Data block:

============

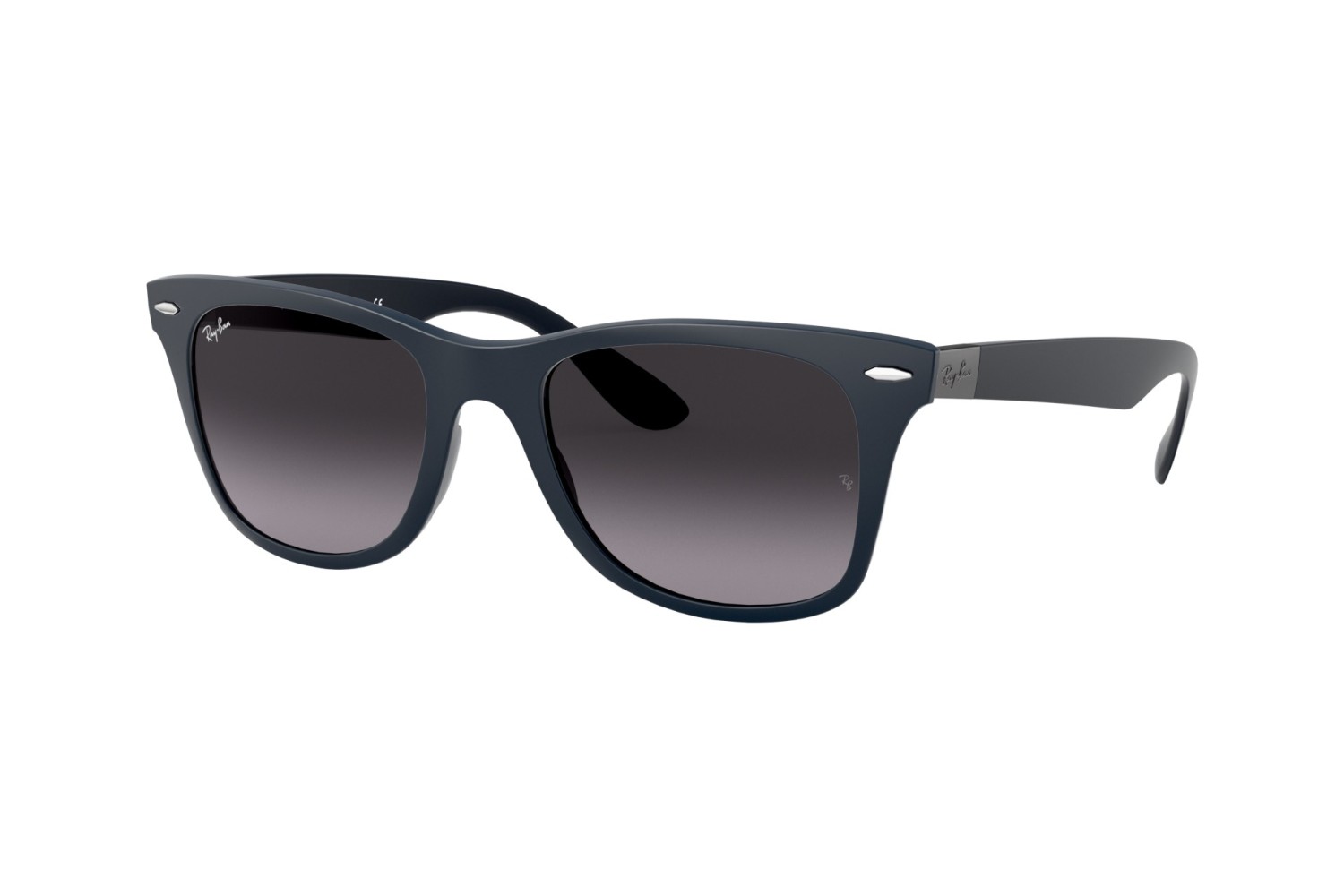 RAY-BAN - WAYFARER LITEFORCE - RB4195 - 63318G - 52
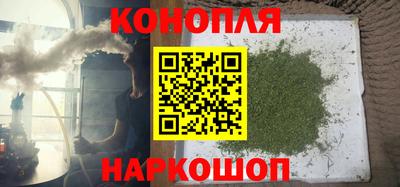 стаф Кандалакша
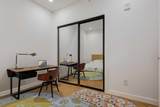 8505 Broadcast Avenue - Photo 15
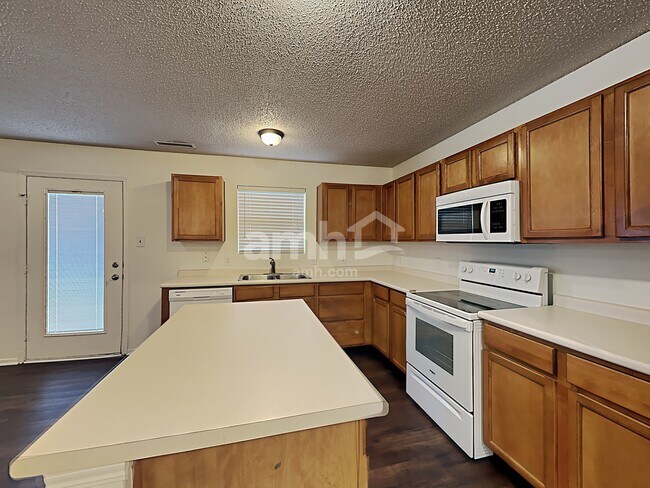 Foto del edificio - 9688 W Constellation Drive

============

Your task:
Would you print the material exactly once more, without any of its pictures?

Task output:
 RAY-BAN - WAYFARER LITEFORCE - RB4195 - 63318G - 52
 стаф Кандалакша
 8505 Broadcast Avenue - Photo 15
 Foto del edificio - 9688 W Constellation Drive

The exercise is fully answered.